Status: Beta — available now for early access partners.
Platform API — Orchestration and Management
Programmatic access to Thinklio's orchestration capabilities. Create agents, dispatch jobs, manage knowledge, query usage, and control the full lifecycle of agents and their work.
Use this when you are building on top of Thinklio rather than just talking through it — operations teams automating agent deployment, CI/CD pipelines managing agent configurations, or external workflow engines treating Thinklio agents as workers.
Status: Coming soon — planned for Phase 4.

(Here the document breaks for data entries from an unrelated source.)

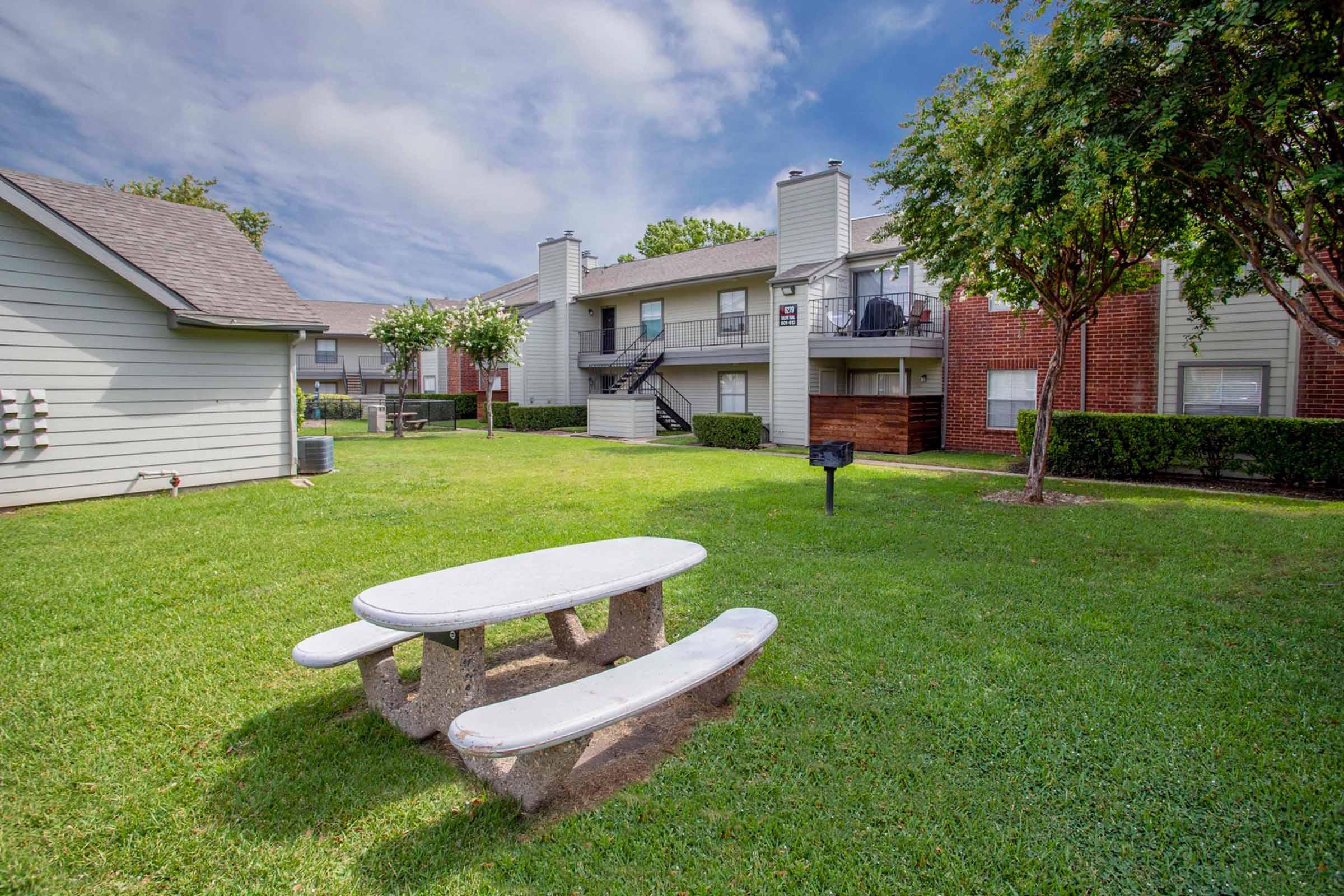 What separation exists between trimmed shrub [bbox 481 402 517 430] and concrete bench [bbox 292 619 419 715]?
22.5 metres

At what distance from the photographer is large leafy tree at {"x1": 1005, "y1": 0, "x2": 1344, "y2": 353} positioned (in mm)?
5578

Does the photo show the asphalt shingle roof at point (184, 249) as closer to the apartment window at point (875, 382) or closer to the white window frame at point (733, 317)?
the white window frame at point (733, 317)

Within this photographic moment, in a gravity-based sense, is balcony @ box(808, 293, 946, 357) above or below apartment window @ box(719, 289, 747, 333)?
below

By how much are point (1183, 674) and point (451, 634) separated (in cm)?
420

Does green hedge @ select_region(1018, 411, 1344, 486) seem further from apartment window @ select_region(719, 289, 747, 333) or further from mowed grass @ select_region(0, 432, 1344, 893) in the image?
apartment window @ select_region(719, 289, 747, 333)

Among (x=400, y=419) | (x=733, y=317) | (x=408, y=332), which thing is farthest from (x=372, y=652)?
(x=408, y=332)

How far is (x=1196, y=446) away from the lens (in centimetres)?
1141

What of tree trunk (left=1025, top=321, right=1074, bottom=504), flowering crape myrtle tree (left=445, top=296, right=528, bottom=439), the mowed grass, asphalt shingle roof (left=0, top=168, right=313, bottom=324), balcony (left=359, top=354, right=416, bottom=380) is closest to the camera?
the mowed grass

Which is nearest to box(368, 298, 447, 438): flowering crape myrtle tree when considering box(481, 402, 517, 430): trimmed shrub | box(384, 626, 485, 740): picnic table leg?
box(481, 402, 517, 430): trimmed shrub

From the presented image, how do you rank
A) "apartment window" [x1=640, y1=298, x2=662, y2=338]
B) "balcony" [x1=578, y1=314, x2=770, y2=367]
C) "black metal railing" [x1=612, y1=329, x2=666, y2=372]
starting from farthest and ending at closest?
1. "apartment window" [x1=640, y1=298, x2=662, y2=338]
2. "black metal railing" [x1=612, y1=329, x2=666, y2=372]
3. "balcony" [x1=578, y1=314, x2=770, y2=367]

Integration API — Bidirectional Capability Exchange
Register your external system as a tool available to Thinklio agents, and subscribe to Thinklio events. A CRM can register itself so agents can query customer records. A project management tool can register so agents can create tasks. Any external system can offer its capabilities to Thinklio agents through this surface.
Status: Coming soon — planned for future phases.
Design Principles
All three surfaces share the same authorisation model, the same governance framework, and the same cost attribution mechanism. An action blocked by org policy is blocked regardless of which API surface it comes through.
Every surface is versioned independently. Breaking changes require a new version with a deprecation period.